Image-caption web data:
╭──

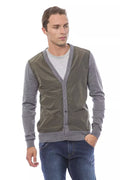 Verri Men's Grey Wool Cardigan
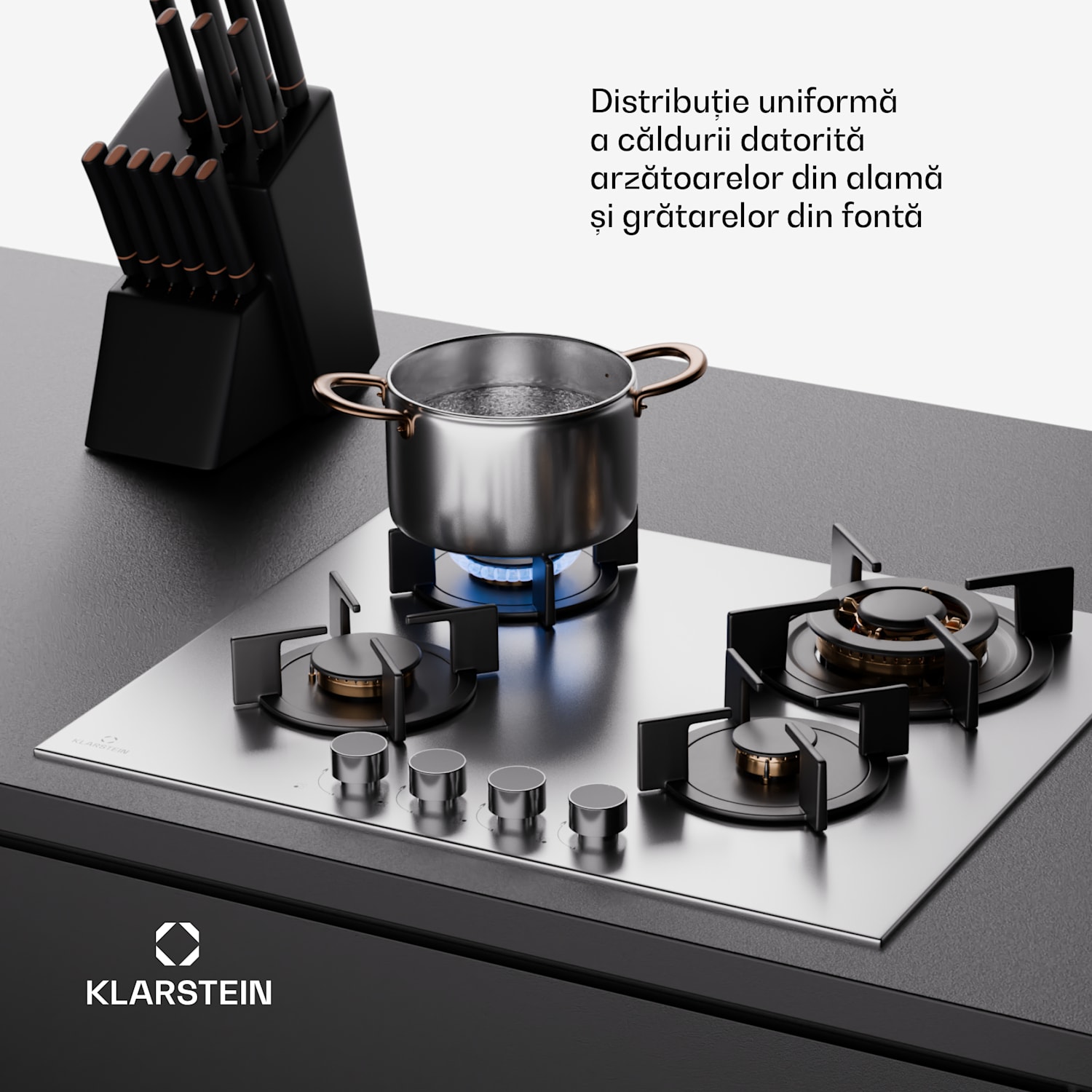 Goldflame 4, plită cu gaz, 4 arzătoare, autonomă, gaz natural/propane, oțel inoxidabil 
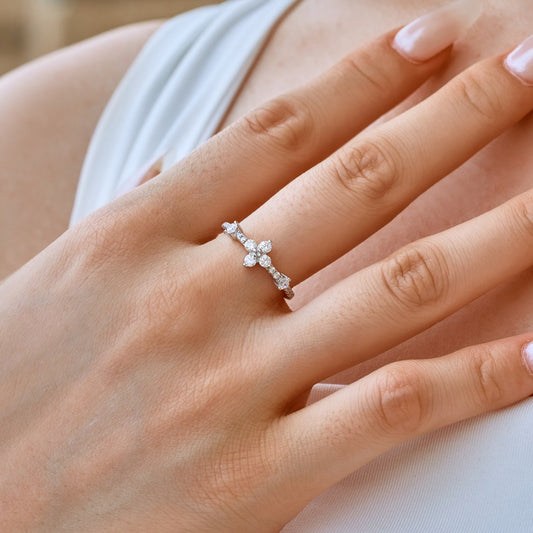 Silver S925 Zirconium Inlaid Clover Ring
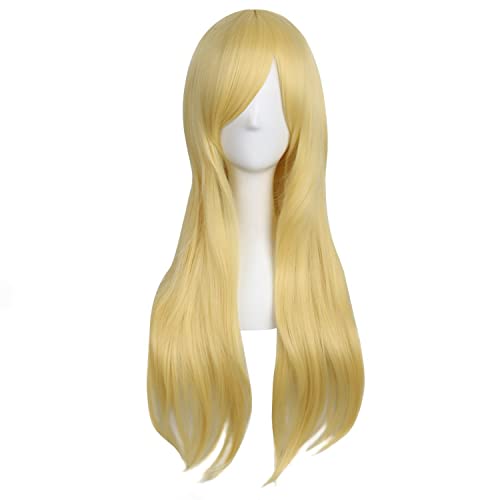 MapofBeauty 28"/70cm Women Side Bangs Long Curly Hair Cosplay Wig(Gold) - Gold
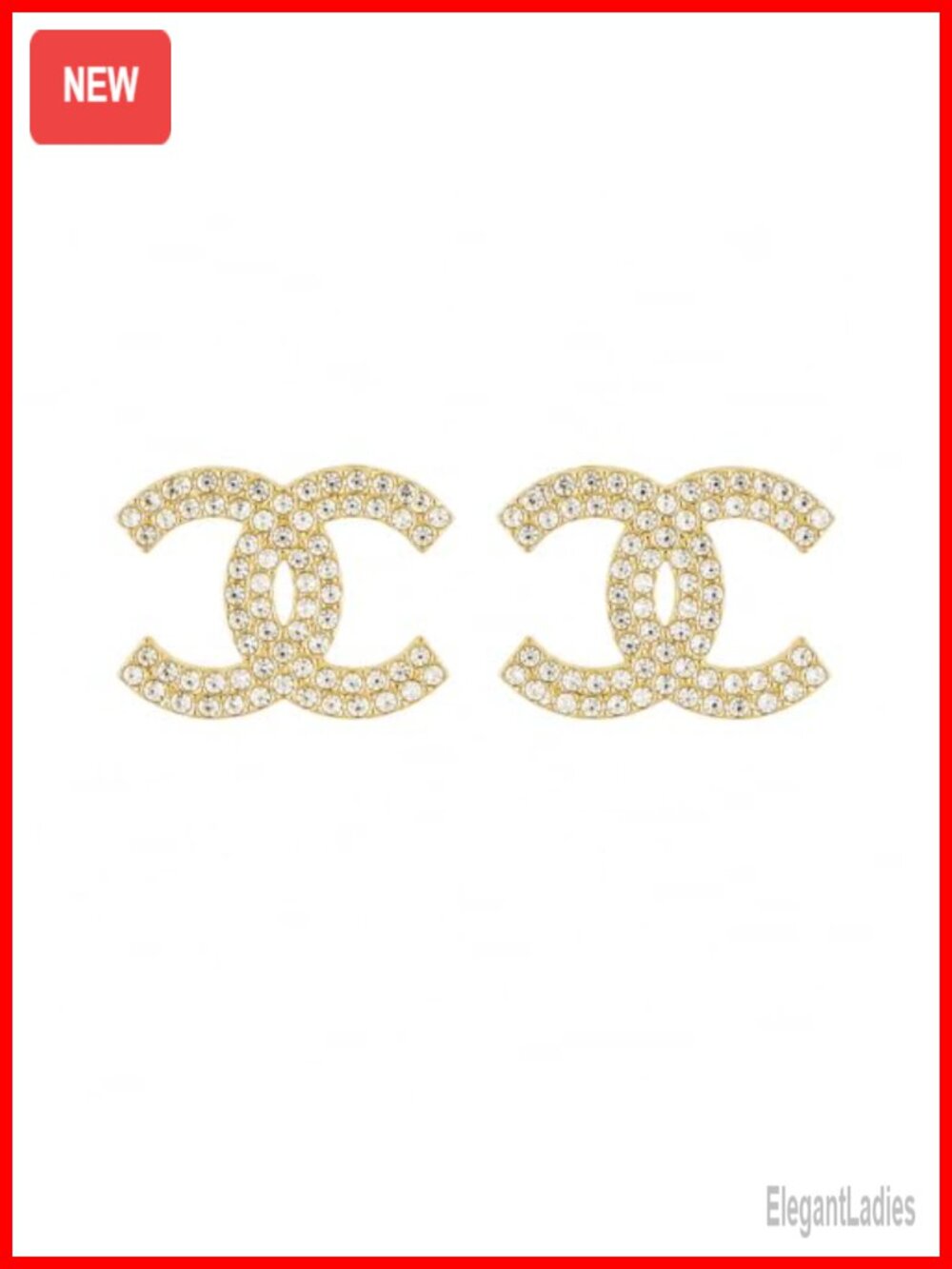 Gold Plated Pavé Rhinestone Stud Earrings Hypoallergenic 1 in Daily Wear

╰──

**Exercise instructions**
A faithful, word-for-word version of the records above is needed, with no images in it.

**Answer to the problem**
 Verri Men's Grey Wool Cardigan
 Goldflame 4, plită cu gaz, 4 arzătoare, autonomă, gaz natural/propane, oțel inoxidabil 
 Silver S925 Zirconium Inlaid Clover Ring
 MapofBeauty 28"/70cm Women Side Bangs Long Curly Hair Cosplay Wig(Gold) - Gold
 Gold Plated Pavé Rhinestone Stud Earrings Hypoallergenic 1 in Daily Wear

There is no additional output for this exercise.